Hi all -
I have a couple of tickets open with VMware and our SAN vendor, EqualLogic, on this issue. Since configuring our production and DMZ clusters we have been noticing that virtual machines will sometimes drop network connectivity after a successful vMotion or Storage vMotion. Occasionally, though far less frequently, virtual machines will also spontaneously lose network over night. This has only happened a few times. The strange thing is that other guests on the VM host are fine - they do not lose network at all. In fact, I can fail over 3 virtual machines from one host to another, and 2 of the 3 may fail over correctly, while one will lose network. The workaround? Simply "disconnect" the virtual NIC and "reconnect" it, and the VM will start returning packets. I can also fail the troubled VM back over to the prior host and it will regain network. I can reboot it and it will re-gain network. I can re-install the virtual adapter completely, and it will re-gain network.
VMware saw a bunch of SAN errors in our log files so we updated our SAN firmware to the latest version. That seems to have fixed that but we still have the issue. Here are some of the specs - all environments are virtually identical except for memory:
Broadcom 5709 NICs
EqualLogic SAN running 5.0.5 F/W
We are using jumbo frames. ESXi is fully-patched. I have not seen a pattern regarding whether or not it is only certain guest OS that lose network but we are primarily a Windows environment.

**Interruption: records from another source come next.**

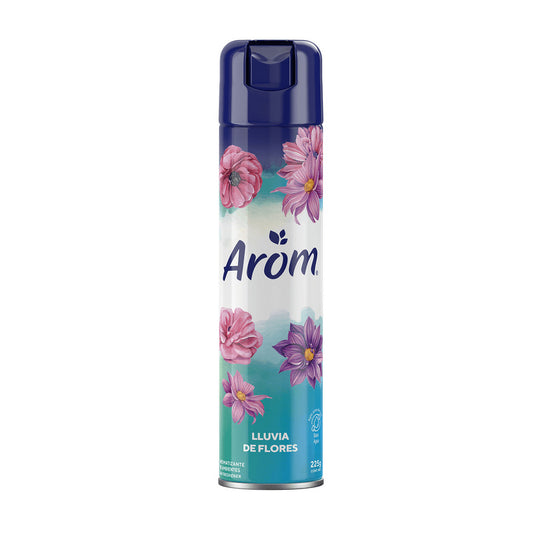 Ambiental Spray Arom 225 Gramos Lluvia de Flores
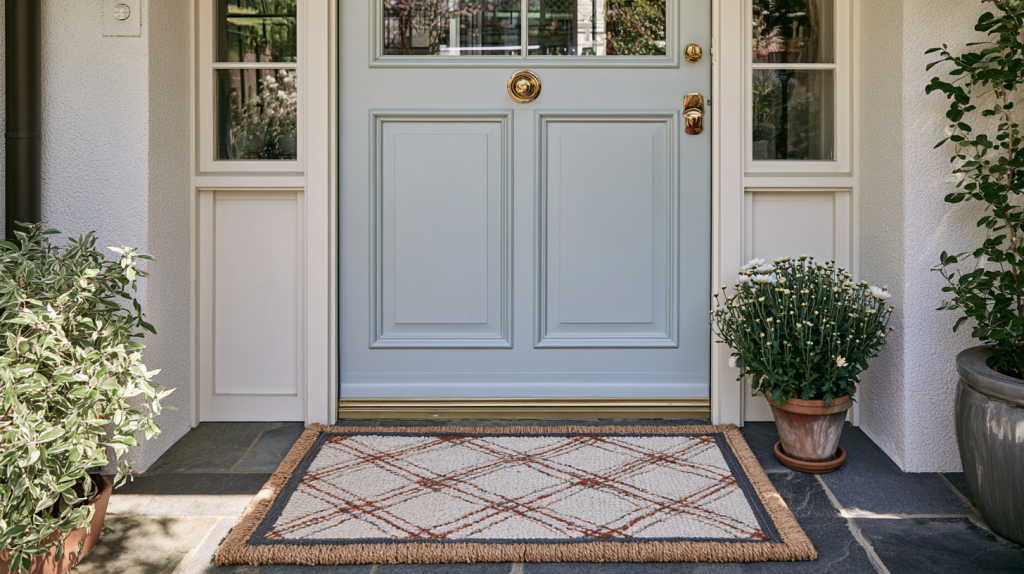 Front Porch Welcome Mat Ideas To Upgrade Your Entryway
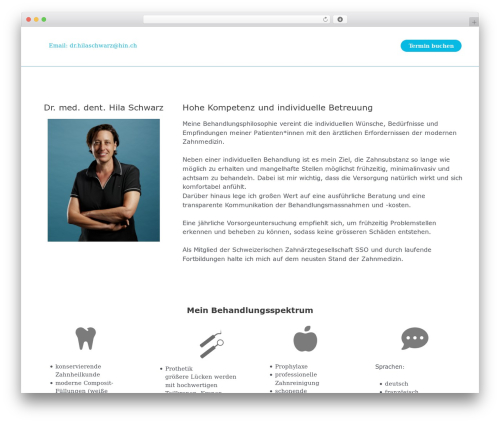 MediHealth best WordPress theme - zahnarzt-schwarz.ch MediHealth best WordPress theme - zahnarzt-schwarz.ch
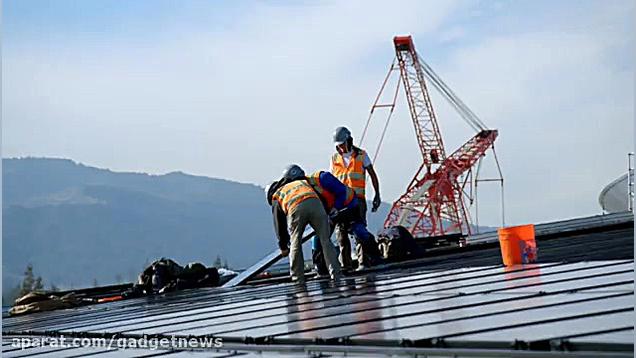 ویدیویی از عظمت اپل پارک به عن...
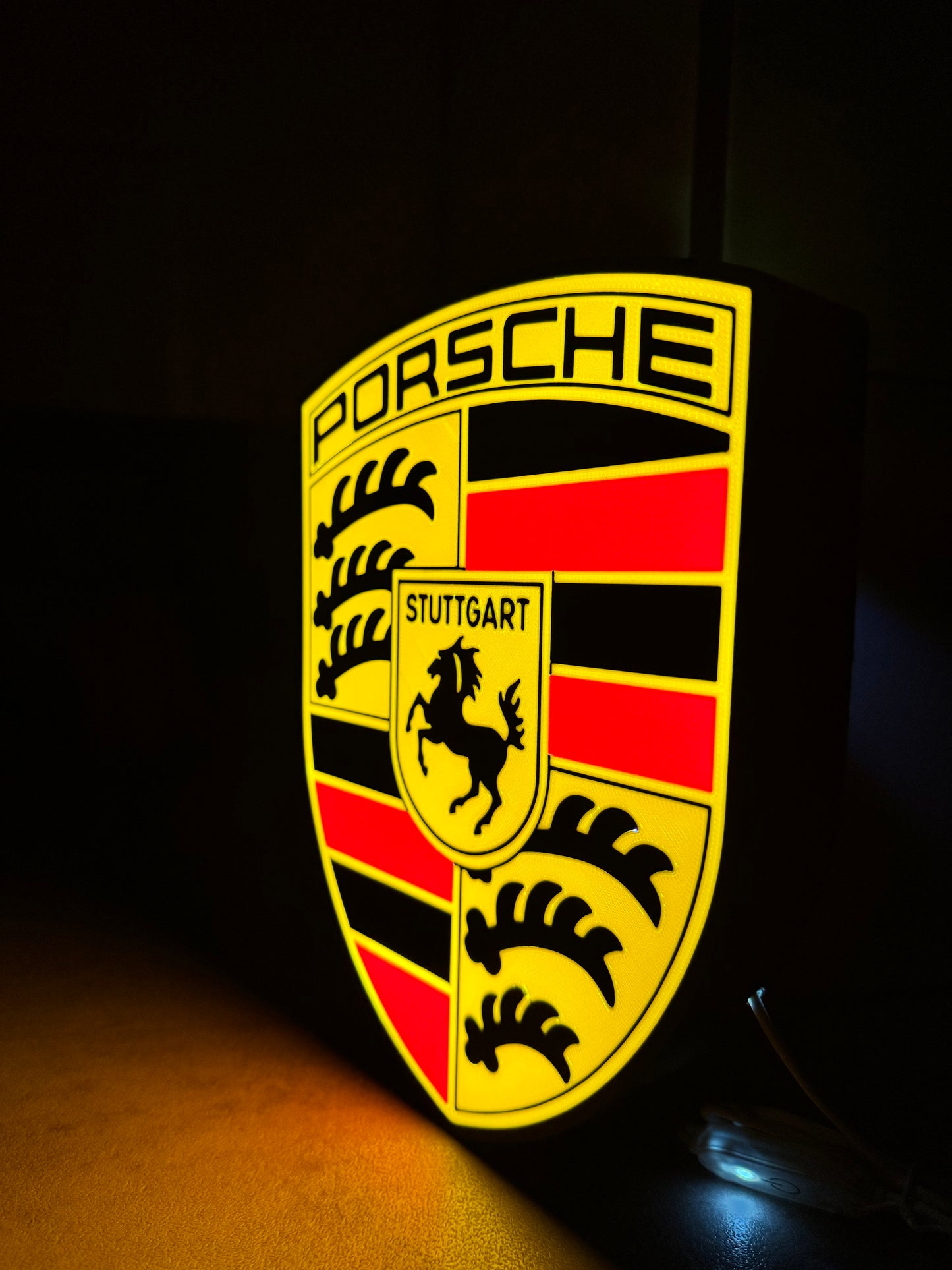Porsche LED Dimmable Light Box
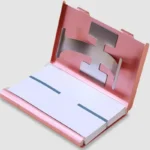Metal Business Card Holder Hand Push Card Case Bank Card Membership Package Ultra Thin Packaging Box Organizer - Image 5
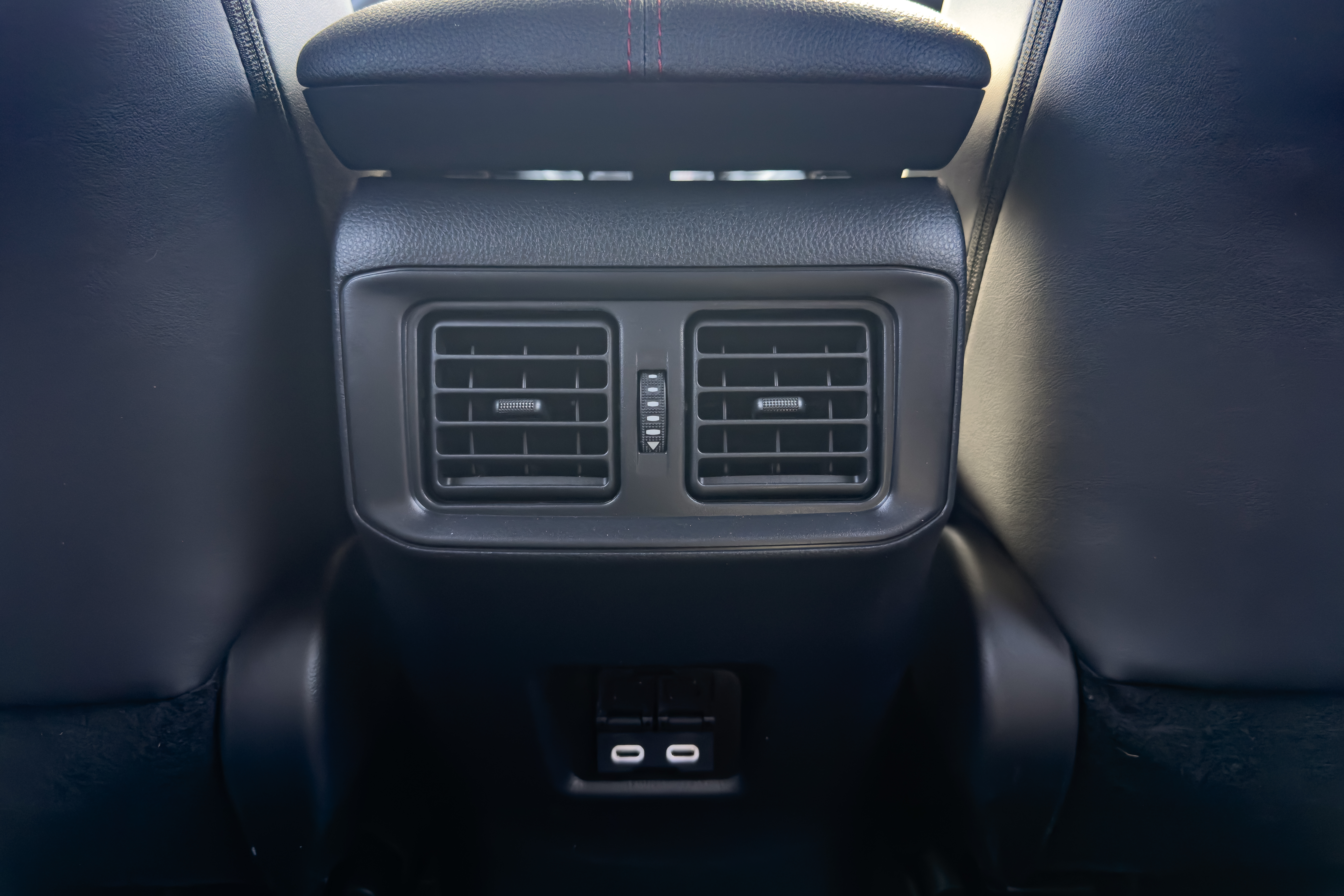 toyota rav4 plug in hybrid xse 2025 17 interior backseat jpg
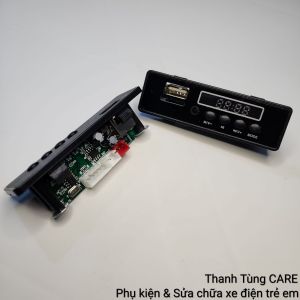 [Audio] Bo mạch nhạc cho xe điện trẻ em 6V - 12V chính hãng
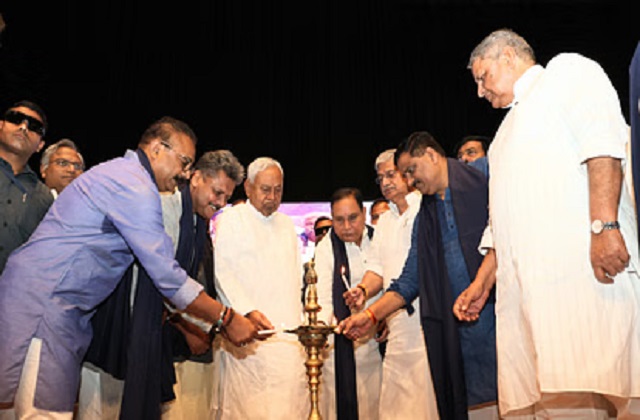 अंबेडकर जयंती पर जदयू की ओर से ‘भीम संवाद’ का आयोजन, सीएम नीतीश हुए शामिल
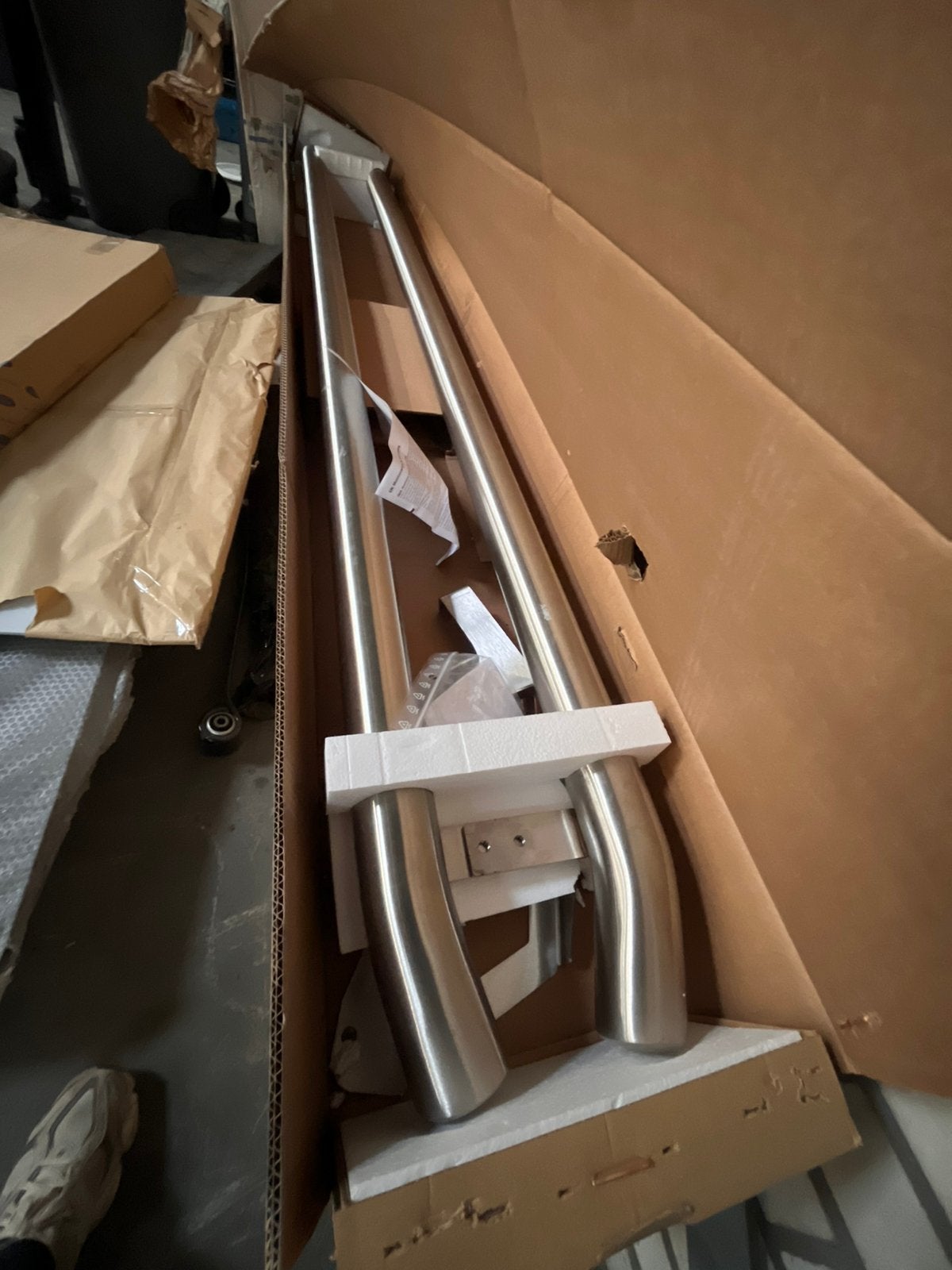 Side bars ford custom nieuw in doos, Auto-onderdelen, Ophalen, Nieuw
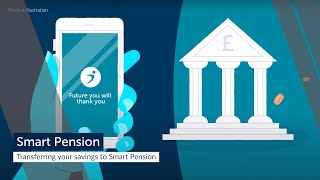 Transferring your savings to Smart Pension [upl. by Oramlub]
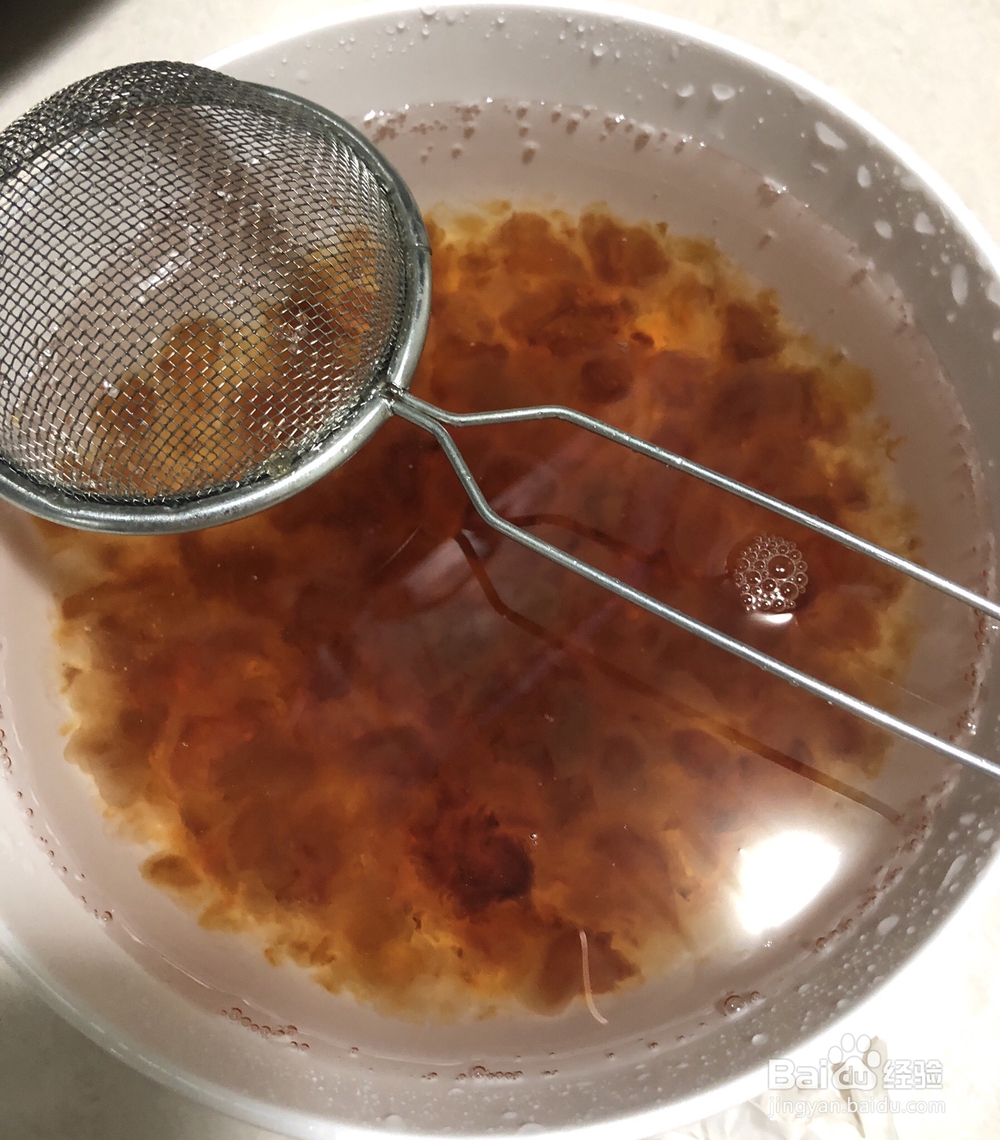 如何做一款好吃的桃胶皂角银耳羹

When a virtual machine loses network, we cannot:
- ping to it
- ping from it
- ping from it to virtual machines on the same host or vSwitch
- ping outside our network
- resolve DNS, etc.
I have followed certain VMware KBs to no success, including:
http://kb.vmware.com/selfservice/microsites/search.do?cmd=displayKC&externalId=1002811 (Port Security is not enabled)
-All VMware tools have been updated to the latest correct version and match the ESXi host
-Logged onto the ESXi service console, I cannot ping the trouble VM by host name or by IP address, but I can ping OTHER virtual machines not experiencing the issue. I also can ping external from the service console.
-Logged into the troubled VM itself, I cannot ping other VMs, I cannot resolve host names, I cannot ping by IP. The VM CAN ping itself by IP but not by hostname. I cannot ping other VMs on the same virtual switch or network by either IP or host name. I cannot ping the management network vSwitch.
-All vSwitches are configured identically and named the same.
-Notify switches is set to yes
-There are plenty of available virtual ports
-We have tried both E1000 and VMXNET virtual adapters with no difference.
-All adapters are configured to negotiate, but we have tried forcing particular speeds as well with no difference
I do appreciate your help. I am having trouble getting anywhere on this issue with the vendors.